**Task brief**
Exactly as they appear below, repeat the lines from the one with "643 BALSAM LAKE" through the one with "116 Claiborne Lake Ln Property Photo 6", and no others.

**Records for the task**
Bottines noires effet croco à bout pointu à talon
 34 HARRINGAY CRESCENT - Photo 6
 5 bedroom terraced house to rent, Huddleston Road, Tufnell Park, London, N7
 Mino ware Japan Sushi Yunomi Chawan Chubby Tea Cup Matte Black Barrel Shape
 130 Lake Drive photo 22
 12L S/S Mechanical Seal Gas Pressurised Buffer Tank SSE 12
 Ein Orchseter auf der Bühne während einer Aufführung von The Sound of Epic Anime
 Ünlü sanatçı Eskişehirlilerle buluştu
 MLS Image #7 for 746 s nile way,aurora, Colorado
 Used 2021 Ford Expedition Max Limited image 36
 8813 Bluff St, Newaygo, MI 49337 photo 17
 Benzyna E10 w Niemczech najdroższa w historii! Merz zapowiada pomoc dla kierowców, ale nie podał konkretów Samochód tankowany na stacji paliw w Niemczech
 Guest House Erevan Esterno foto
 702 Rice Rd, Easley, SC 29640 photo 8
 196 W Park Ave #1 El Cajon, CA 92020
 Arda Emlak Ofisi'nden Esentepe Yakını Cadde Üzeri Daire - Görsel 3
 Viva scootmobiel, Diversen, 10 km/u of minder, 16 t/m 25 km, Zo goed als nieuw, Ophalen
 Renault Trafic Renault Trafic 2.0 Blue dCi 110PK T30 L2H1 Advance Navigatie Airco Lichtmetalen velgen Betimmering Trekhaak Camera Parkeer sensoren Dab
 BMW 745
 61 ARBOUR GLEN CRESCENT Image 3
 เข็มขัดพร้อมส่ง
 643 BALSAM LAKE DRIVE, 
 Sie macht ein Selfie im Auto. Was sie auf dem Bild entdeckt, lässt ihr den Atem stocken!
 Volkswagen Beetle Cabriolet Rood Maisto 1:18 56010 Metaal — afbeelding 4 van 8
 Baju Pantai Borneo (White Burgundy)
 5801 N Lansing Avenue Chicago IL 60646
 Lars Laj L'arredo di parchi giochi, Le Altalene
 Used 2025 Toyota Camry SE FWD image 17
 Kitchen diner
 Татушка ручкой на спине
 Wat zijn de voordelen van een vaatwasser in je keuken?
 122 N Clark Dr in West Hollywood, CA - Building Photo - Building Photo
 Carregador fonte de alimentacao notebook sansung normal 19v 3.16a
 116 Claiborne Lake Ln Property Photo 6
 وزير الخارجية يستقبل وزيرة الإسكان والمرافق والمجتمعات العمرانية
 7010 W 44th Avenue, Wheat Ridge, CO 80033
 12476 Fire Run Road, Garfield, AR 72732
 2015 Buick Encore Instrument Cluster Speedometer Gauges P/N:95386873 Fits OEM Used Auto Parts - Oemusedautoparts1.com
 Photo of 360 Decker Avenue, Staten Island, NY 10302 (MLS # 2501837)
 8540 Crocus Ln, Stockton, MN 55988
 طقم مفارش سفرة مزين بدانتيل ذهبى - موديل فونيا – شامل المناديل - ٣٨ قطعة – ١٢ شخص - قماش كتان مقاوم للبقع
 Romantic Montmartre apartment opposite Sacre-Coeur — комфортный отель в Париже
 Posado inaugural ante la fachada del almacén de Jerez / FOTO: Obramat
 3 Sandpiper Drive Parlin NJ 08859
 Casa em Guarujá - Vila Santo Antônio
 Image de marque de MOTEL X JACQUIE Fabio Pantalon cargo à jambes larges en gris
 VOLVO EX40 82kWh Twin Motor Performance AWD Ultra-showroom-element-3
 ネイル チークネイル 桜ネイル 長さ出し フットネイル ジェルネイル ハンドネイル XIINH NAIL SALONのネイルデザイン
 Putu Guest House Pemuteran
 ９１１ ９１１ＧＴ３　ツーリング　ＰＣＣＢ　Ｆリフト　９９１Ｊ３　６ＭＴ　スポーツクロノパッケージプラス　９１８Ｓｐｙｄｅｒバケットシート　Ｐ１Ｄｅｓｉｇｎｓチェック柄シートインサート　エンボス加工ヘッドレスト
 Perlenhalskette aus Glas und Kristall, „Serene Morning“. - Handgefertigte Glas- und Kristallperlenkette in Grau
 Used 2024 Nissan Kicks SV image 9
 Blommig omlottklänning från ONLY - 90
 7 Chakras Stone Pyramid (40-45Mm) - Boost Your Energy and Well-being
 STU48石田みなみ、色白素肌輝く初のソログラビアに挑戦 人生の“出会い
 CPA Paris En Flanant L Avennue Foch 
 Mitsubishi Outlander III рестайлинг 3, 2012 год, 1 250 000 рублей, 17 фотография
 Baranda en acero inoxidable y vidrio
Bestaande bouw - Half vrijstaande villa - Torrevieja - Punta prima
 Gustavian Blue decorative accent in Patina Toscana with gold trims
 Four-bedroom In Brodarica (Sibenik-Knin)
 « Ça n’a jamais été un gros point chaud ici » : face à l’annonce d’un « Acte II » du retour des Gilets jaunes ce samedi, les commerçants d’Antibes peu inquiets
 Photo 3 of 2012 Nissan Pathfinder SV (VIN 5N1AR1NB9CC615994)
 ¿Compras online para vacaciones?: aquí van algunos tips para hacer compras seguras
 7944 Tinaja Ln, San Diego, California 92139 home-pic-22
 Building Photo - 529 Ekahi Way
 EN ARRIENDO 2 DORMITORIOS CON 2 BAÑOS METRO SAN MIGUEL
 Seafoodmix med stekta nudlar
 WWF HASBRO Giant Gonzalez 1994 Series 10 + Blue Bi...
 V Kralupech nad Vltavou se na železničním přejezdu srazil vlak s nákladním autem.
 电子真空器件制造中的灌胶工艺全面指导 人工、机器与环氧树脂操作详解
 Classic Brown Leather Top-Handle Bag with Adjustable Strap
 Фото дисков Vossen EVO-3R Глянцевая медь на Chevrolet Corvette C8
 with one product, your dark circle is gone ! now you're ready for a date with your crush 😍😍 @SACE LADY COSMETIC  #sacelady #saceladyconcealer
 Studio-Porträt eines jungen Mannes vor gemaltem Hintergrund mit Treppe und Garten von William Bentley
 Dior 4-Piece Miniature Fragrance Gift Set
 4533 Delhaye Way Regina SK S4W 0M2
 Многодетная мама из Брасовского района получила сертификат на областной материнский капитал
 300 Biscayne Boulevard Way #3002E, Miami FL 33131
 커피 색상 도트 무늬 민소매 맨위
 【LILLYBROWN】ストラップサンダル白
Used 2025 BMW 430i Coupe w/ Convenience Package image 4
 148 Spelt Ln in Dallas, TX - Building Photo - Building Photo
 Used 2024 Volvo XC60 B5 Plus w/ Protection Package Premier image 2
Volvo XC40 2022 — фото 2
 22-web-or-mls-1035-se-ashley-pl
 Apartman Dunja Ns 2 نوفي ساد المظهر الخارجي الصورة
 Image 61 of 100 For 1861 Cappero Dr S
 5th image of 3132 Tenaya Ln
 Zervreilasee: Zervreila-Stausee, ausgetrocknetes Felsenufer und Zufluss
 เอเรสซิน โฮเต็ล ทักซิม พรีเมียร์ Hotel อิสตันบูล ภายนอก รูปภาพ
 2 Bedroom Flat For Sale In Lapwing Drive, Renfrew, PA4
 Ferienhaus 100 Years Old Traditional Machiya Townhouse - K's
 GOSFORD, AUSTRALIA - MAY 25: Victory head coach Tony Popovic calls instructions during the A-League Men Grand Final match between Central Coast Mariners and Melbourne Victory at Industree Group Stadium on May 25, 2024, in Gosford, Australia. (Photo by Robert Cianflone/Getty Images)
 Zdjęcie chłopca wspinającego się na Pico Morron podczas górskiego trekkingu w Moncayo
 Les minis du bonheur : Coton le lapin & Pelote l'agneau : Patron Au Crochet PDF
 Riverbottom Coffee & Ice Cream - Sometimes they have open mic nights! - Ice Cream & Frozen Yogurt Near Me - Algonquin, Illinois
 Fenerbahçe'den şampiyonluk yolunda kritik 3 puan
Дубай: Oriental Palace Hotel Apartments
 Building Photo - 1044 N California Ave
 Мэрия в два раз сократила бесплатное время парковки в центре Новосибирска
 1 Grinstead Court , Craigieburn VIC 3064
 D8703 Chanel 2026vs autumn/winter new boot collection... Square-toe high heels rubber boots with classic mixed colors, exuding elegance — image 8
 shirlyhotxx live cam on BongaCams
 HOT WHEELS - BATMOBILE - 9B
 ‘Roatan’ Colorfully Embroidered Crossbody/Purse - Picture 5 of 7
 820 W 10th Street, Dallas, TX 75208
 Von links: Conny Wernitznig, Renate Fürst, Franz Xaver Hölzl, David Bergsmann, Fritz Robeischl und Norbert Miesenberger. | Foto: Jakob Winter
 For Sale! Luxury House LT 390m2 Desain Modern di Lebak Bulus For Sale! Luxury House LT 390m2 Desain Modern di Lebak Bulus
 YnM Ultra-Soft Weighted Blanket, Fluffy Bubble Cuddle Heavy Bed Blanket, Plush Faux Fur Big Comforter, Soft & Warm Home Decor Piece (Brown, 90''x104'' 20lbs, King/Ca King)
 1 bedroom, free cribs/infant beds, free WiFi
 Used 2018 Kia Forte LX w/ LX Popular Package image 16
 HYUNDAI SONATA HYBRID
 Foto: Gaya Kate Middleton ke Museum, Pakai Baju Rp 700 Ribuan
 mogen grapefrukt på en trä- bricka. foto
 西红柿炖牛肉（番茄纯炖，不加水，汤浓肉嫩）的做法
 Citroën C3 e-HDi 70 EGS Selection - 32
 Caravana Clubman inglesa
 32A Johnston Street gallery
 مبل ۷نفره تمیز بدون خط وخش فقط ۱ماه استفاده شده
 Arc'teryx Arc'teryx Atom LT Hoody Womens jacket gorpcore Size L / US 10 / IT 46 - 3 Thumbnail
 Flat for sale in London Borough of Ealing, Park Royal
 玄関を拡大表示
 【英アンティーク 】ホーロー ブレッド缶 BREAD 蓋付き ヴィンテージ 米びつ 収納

**Response to the exercise**
 643 BALSAM LAKE DRIVE, 
 Sie macht ein Selfie im Auto. Was sie auf dem Bild entdeckt, lässt ihr den Atem stocken!
 Volkswagen Beetle Cabriolet Rood Maisto 1:18 56010 Metaal — afbeelding 4 van 8
 Baju Pantai Borneo (White Burgundy)
 5801 N Lansing Avenue Chicago IL 60646
 Lars Laj L'arredo di parchi giochi, Le Altalene
 Used 2025 Toyota Camry SE FWD image 17
 Kitchen diner
 Татушка ручкой на спине
 Wat zijn de voordelen van een vaatwasser in je keuken?
 122 N Clark Dr in West Hollywood, CA - Building Photo - Building Photo
 Carregador fonte de alimentacao notebook sansung normal 19v 3.16a
 116 Claiborne Lake Ln Property Photo 6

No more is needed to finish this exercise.